Database is full of datas and records. What we see in rows and columns is quite different when it reaches the memory. What we see is the actual data. But when they are stored in the memory like disks or tapes, they are stored in the form of bits. But any users will not understand these bits. He needs to see the actual data to understand. But all the details about the data stored in the memory are not necessary for the users. He needs only little information that he is interested or wants to work with. Masking the unwanted data from the users happens at different levels in the database. This masking of data is called data abstraction. There are 4 levels of data abstraction.
- External level - This is the highest level in data abstraction. At this level users see the data in the form of rows and columns. This level illustrates the users how the data is stored in terms of tables and relations. Users view full or partial data based on the business requirement. The users will have different views here, based on their levels of access rights. For example, student will not have access to see Lecturers salary details, one employee will not have access to see other employees details, unless he is a manager. At this level, one can access the data from database and perform some calculations based on the data. For example calculate the tax from the salary of employee, calculate CGPA of a Student, Calculate age of a person from his Date of Birth etc. These users can be real users or any programs.

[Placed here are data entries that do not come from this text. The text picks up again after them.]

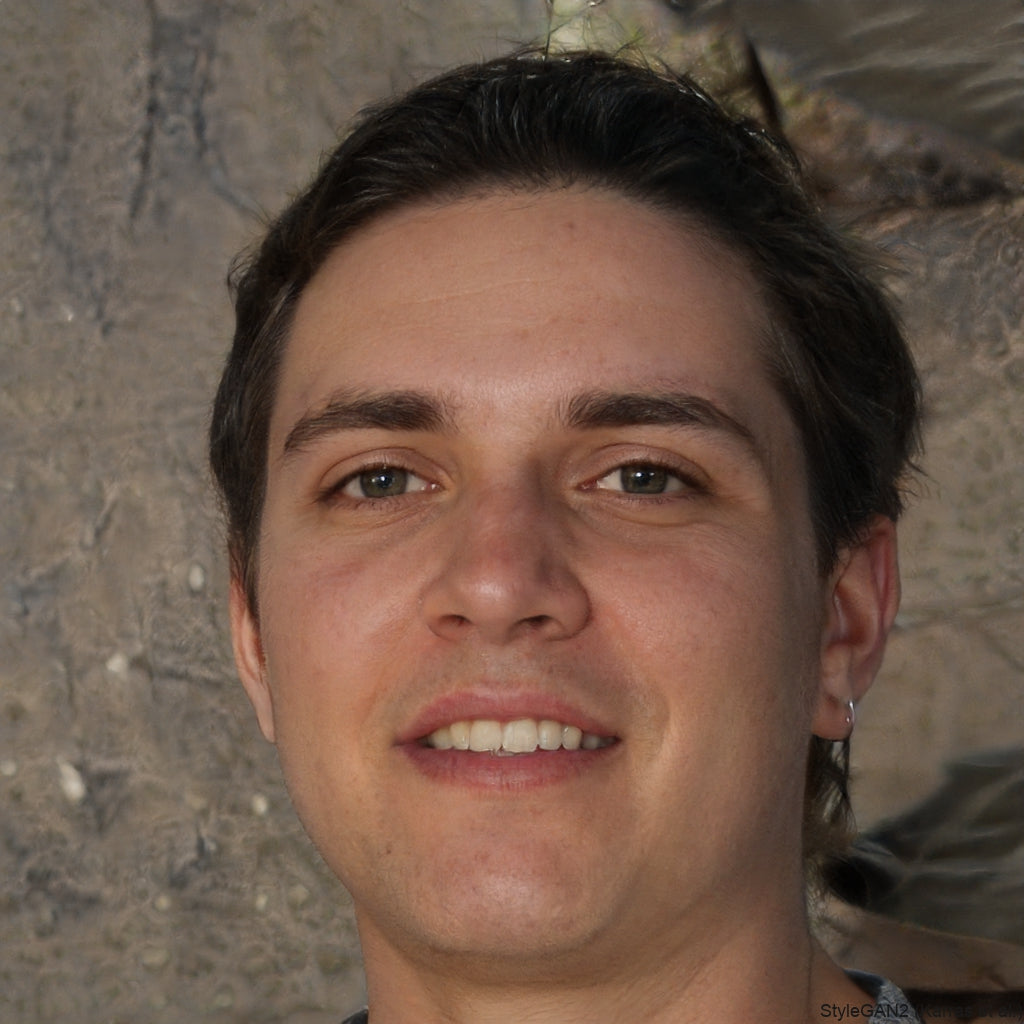 <em>Daniel Morales</em>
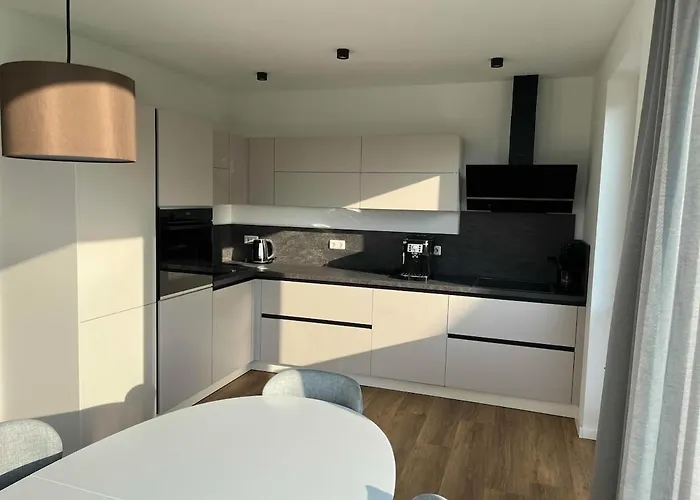 Hauslieblingsplatz - Am - Luxus Mit 4 Schlafzimmern, 3 Badezimmern Sauna, Kamin, Weber-grill Und Wallbox * Dranske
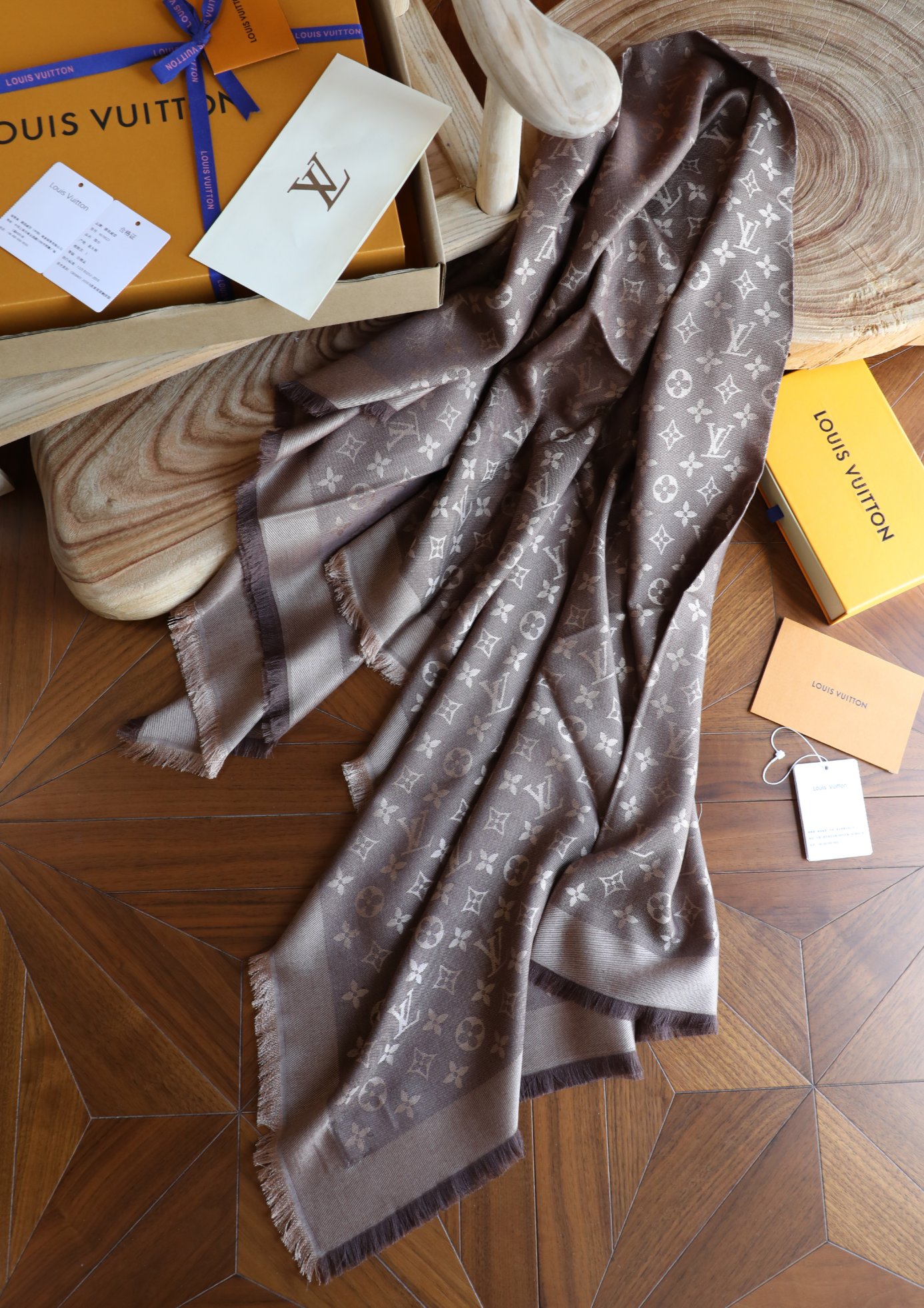 Louis Vuitton L经纬同色提花方巾 灰咖色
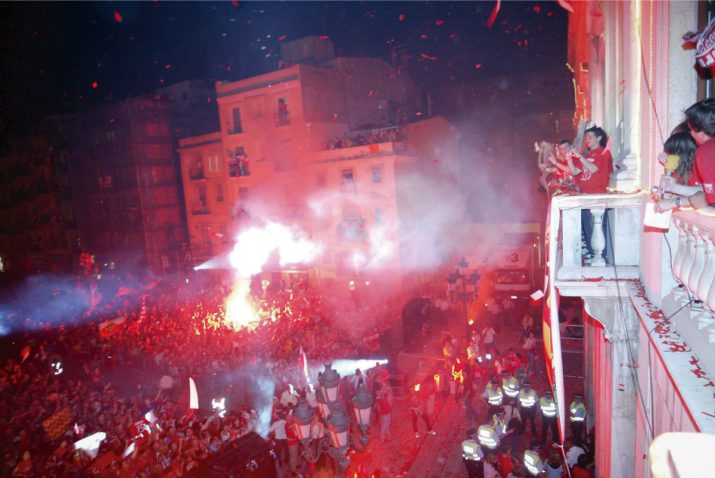 La celebració de l'ascens del Nàstic a Primera Divisió a la plaça de la Font, el juny de 2006. Foto: JUDIT FERNÁNDEZ - L'ESPORTIU 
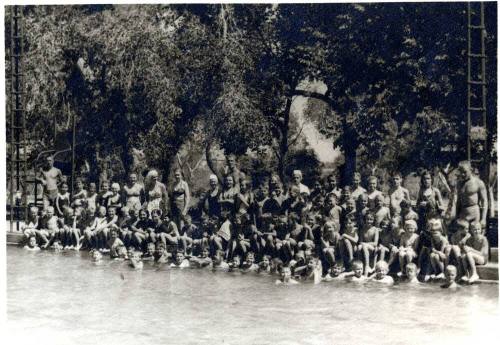 Tempe Union High School Reunion Documents - Tempe Beach Pool Yearbook Photo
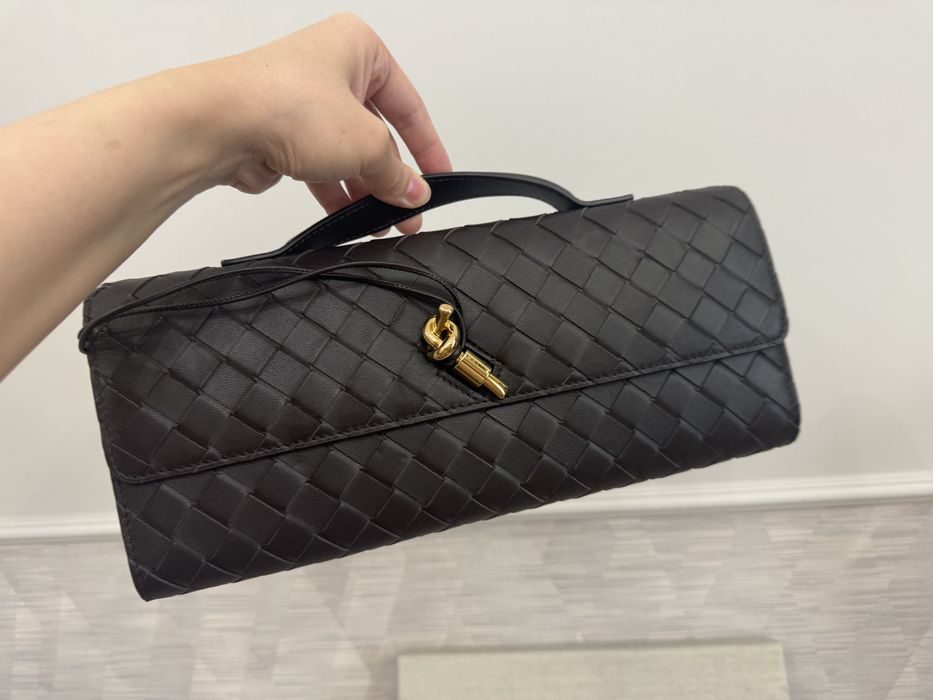 Bottega Veneta сумка- клатч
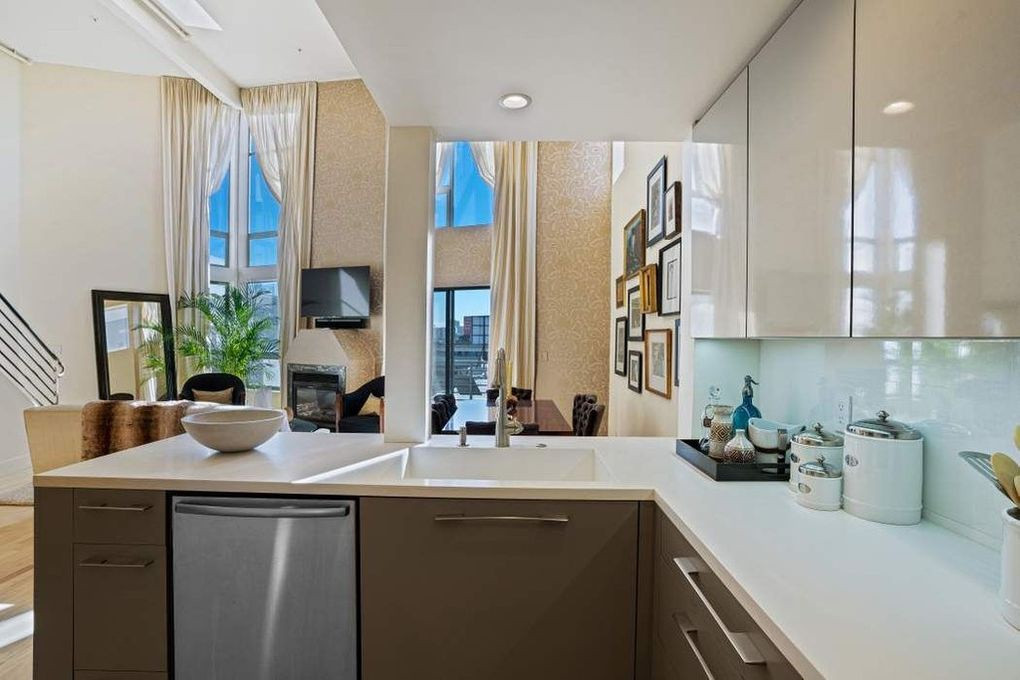 Nhà bếp mang phong cách hiện đại, được trang bị đầy đủ tiện nghi cao cấp.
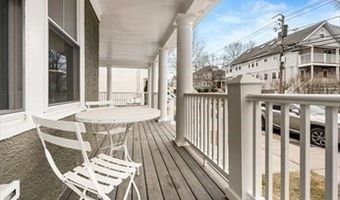 30 Gloucester St 30, Arlington, MA 02476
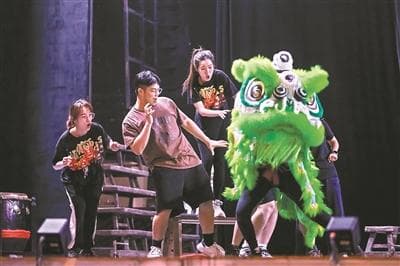 陈小春主演《雄狮少年》首演，音乐剧创新演绎岭南醒狮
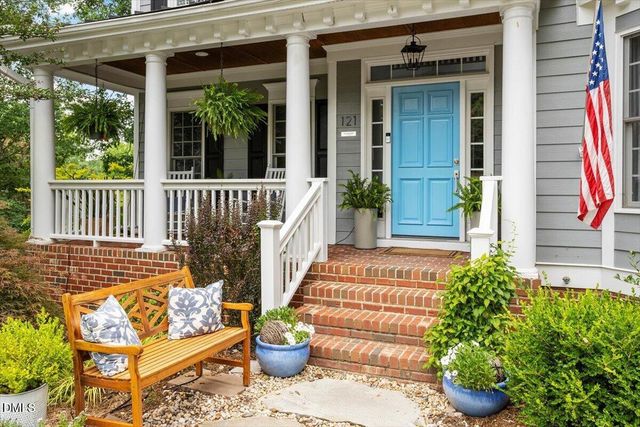 121 Hayworth Drive, Chapel Hill, NC 27517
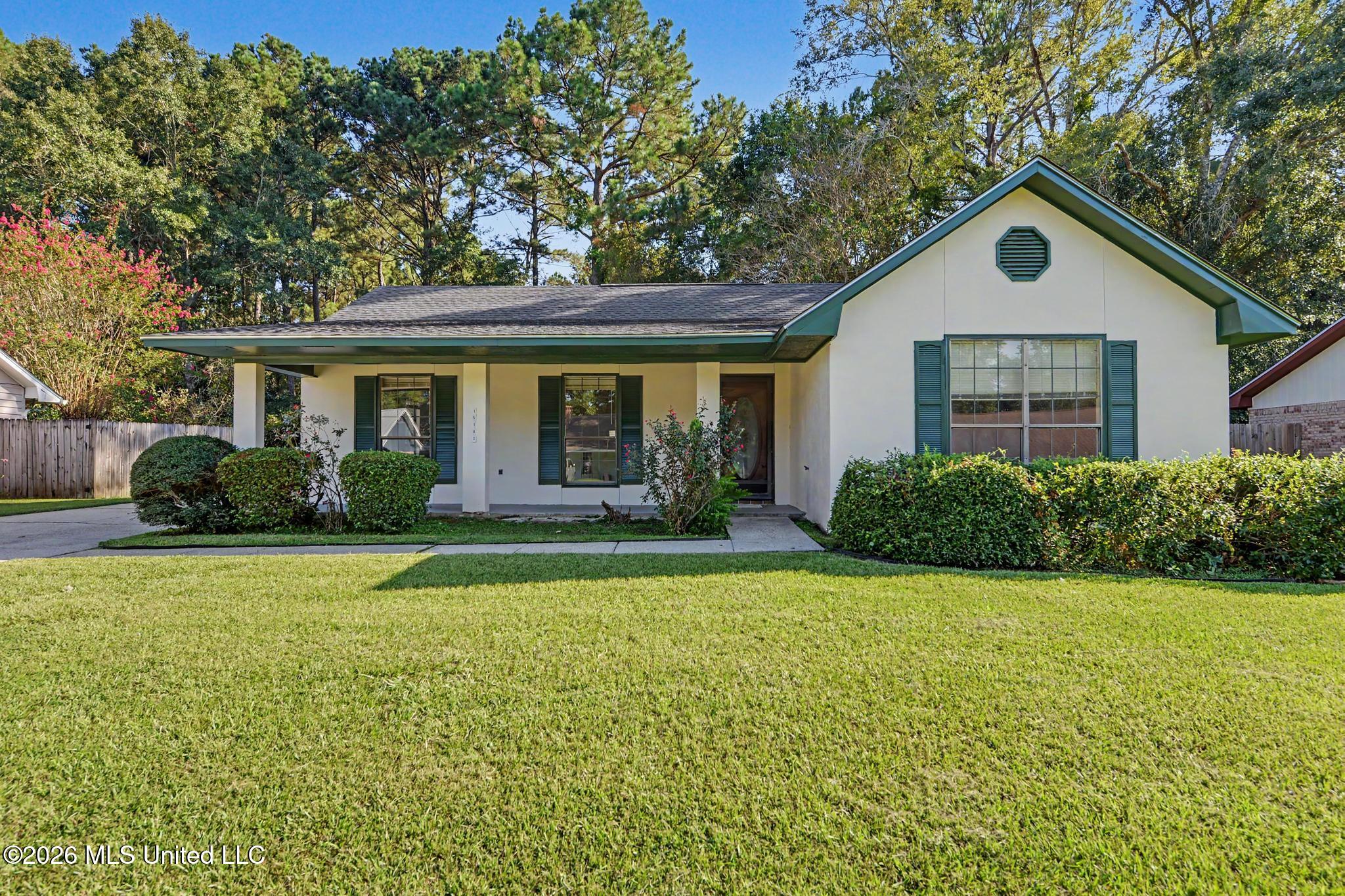 15183 N Parkwood Drive Property Photo 1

- Logical/ Conceptual level - This is the next level of abstraction. It describes the actual data stored in the database in the form of tables and relates them by means of mapping. This level will not have any information on what a user views at external level. This level will have all the data in the database.
- Internal level - This is one of the intermediary levels. In most of the cases this level is not mentioned and usually it is said that we have 3 levels of data abstraction. This level depends on the DBMS software. This level is how the database is seen from DBMS. We can even combine logical level and this level.
- Physical level - This is the lowest level in data abstraction. This level describes how the data is actually stored in the physical memory like magnetic tapes, hard disks etc. In this level the file organization methods like hashing, sequential, B+ tree comes into picture. At this level, developer would know the requirement, size and accessing frequency of the records clearly. So designing this level will not be much complex for him.
Any changes/ computations done at this level will not affect other levels of data. That means, if we retrieve the few columns of the STUDENT table, it will not change the whole table, or if we calculate the CGPA of a Student, it will not change/update the table. This level of data is based on the below levels, but it will not alter the data at below levels.
Any changes done in this level will not affect the external or physical levels of data. That is any changes to the table structure or the relation will not modify the data that the user is viewing at the external view or the storage at the physical level. For example, suppose we have added a new column ‘skills’ which will not modify the external view data on which the user was viewing Ages of the students. Similarly, it will have space allocated for ‘Skills’ in the physical memory, but it will not modify the space or address of Date of Birth (using which Age will be derived) in the memory. Hence external and physical independence is achieved.